Martin barred ProPublica Illinois and other news organizations from publishing “the names and/or any other information that would permit the ready identification” of the children or the foster parents involved in a case ProPublica Illinois is investigating. That included “specific address or other demographic information.”

Martin’s order was a rare instance of a judge restricting a news organization before the publication of a story, and it drew criticism from other journalists and media rights organizations.

ProPublica Illinois told Martin that while it had no plans to identify the children in the case, the judge’s order was too broad and shouldn’t restrain the organization before publication. ProPublica Illinois reporters learned the identities of the children and foster parents independently and outside court hearings.
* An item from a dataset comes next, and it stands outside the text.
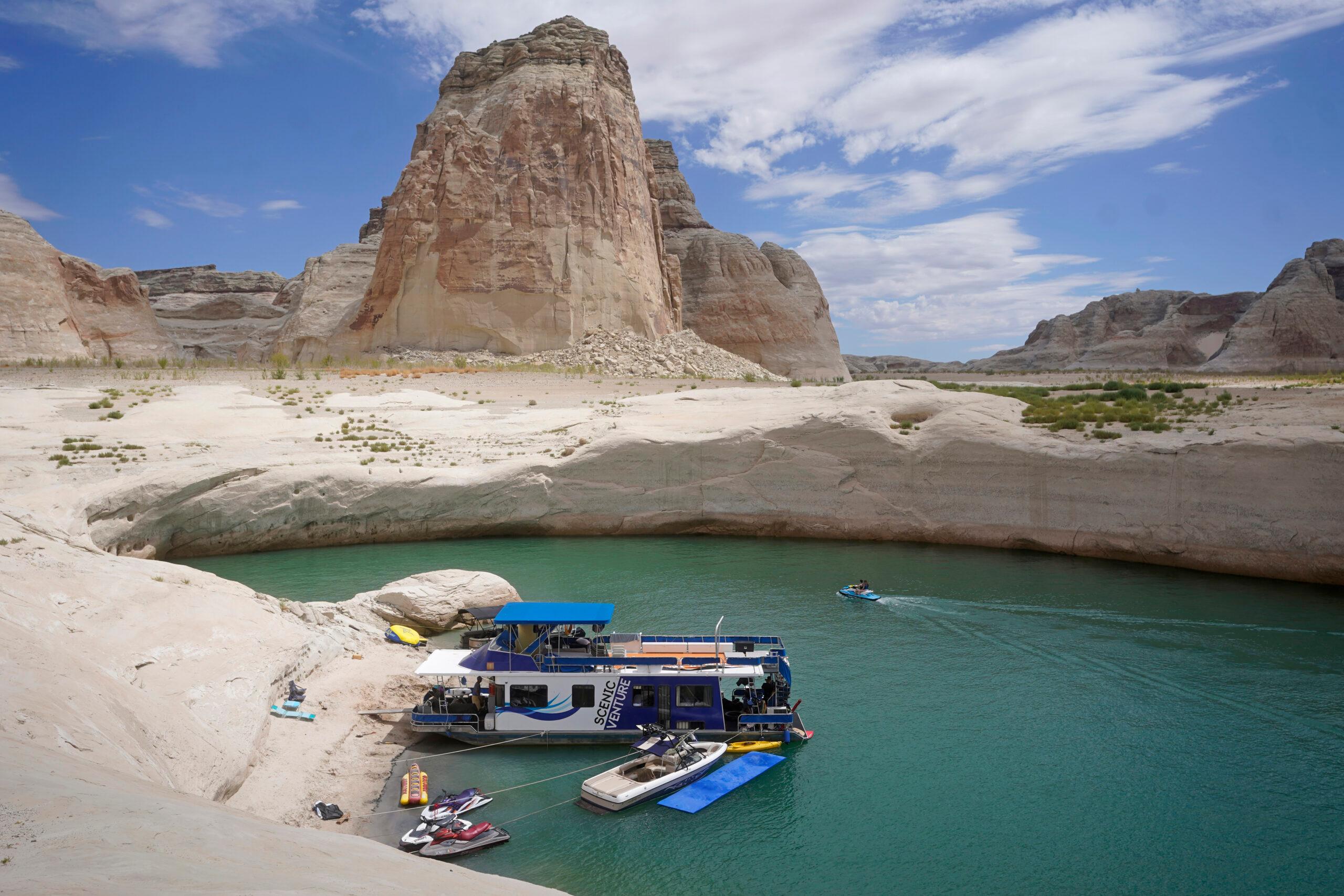 Lake Powell: Discover the Hidden Gem of the American Southwest with The Monroe Hotels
Boyer said Monday that he is “very respectful” of the media’s First Amendment rights. But as the guardian ad litem for the children in the case, “I also have an obligation to do everything in my power to safeguard their best interests, and this includes defending the fundamental privacy rights of blameless children that the law says must be weighed in the balance.”
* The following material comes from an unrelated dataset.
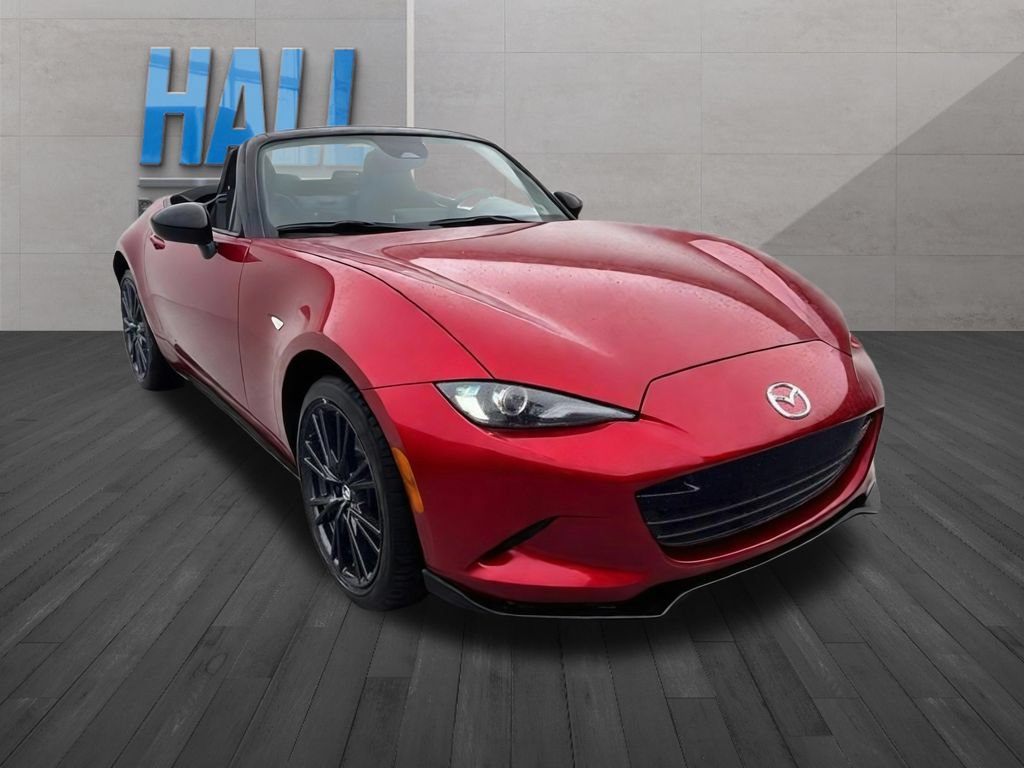 New 2026 MAZDA MX-5 Miata Club w/ Interior Package RWD image 1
A spokesman for DCFS, which had opposed ProPublica Illinois’ effort to lift the judge’s order, declined to comment Monday.

Forty news organizations, led by the Reporters Committee for Freedom of the Press, a group that advocates for press rights, had submitted a friend of the court letter arguing that the judge had violated ProPublica Illinois’ First Amendment rights.

The judge’s order, while an effort to protect the children’s privacy, was “an unconstitutional prior restraint” and a “direct attack on the marketplace of ideas,” the letter said. The letter was signed by news organizations that included Chicago’s daily newspapers, NPR, The New York Times and The Washington Post.